Henry V. was a performer on the harp at an early age, and his wife, Catherine of Valois, shared his taste, as an entry in the Issue Rolls reads:
"By the hands of William Menston was paid £8 13s 4d, for two new harps purchased for King Henry and Queen Catherine."
These harps were tuned with a key like the more modern instruments, and the player improvised his words to suit the taste of the company in which he found himself. Harpists were employed much at courts, and in 1666 Pepys says that for want of pay to the household—
—"many of the musique are ready to starve, they being five years behind hand for wages; nay, Evens, the famous man upon the Harp, having not his equal in the world, did the other day die for mere want, and was fain to be buried at the almes of the parish, and carried to his grave in the dark at night without one linke, but that Mr.

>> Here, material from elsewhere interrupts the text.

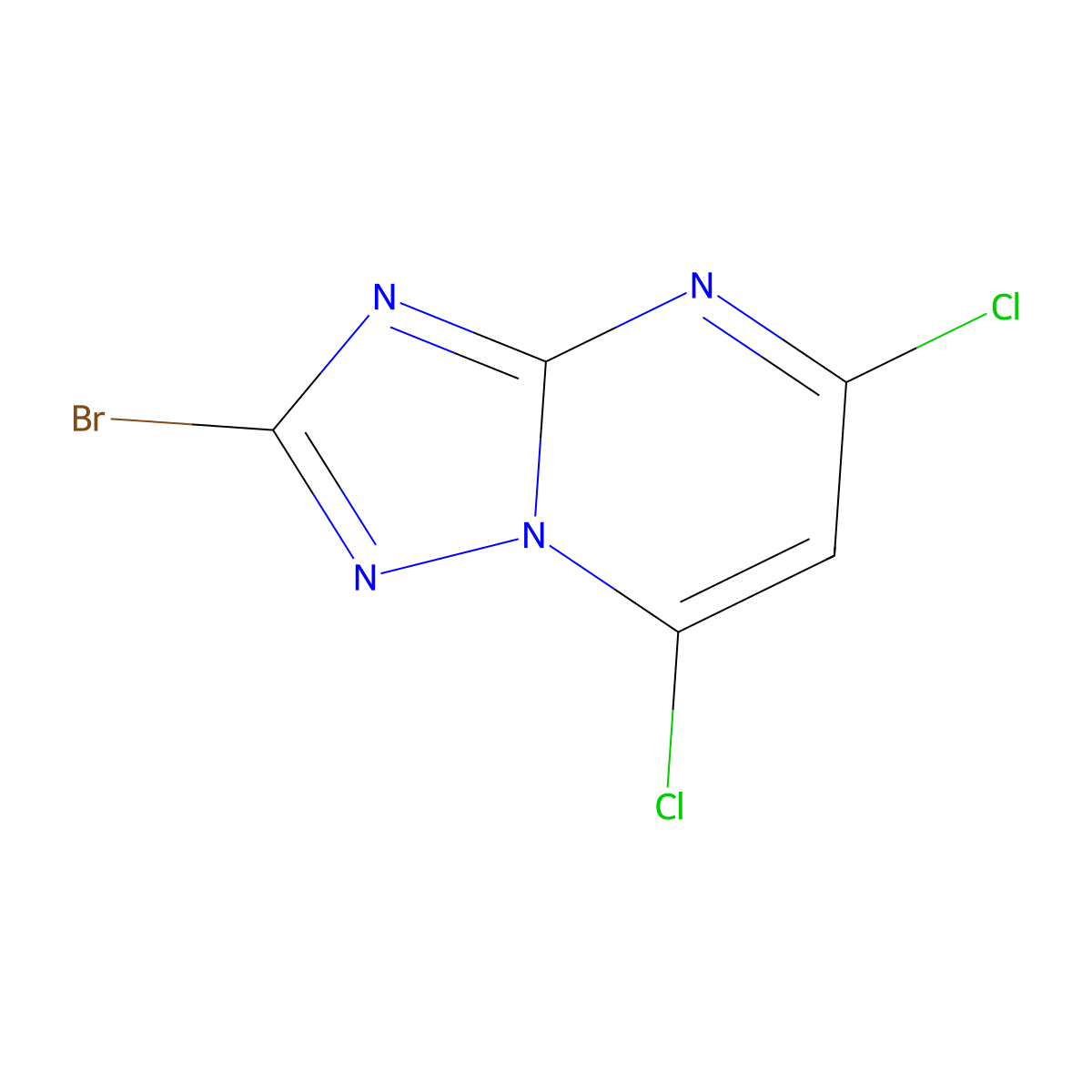 2-Bromo-5,7-dichloro[1,2,4]triazolo[1,5-a]pyrimidine molecular structure, CAS 2145074-54-8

Hingston met it by chance, and did give 12d. to buy two or three links."
At the present day, though at no instrument does a graceful woman look more graceful, solo performers are very rare; but in the orchestra the harp has an important place on account of its tone, such composers as Gounod, Berlioz, Liszt, and Wagner using it freely in their scores. In this country there are only occasional references in the old papers to it, and an advertisement by Signor Pucci in 1815 that he gives concerts on the "Fashionable and much admired King David's Pedal Harp", seems to be an effort to introduce it to the notice of music-lovers of the day.
Figure 91. GEIB PIANO.
Madame Malibran, who achieved such a success in opera in New York about 1825, used to accompany herself on the harp when she sang in response to an encore. But it can never be considered a popular instrument.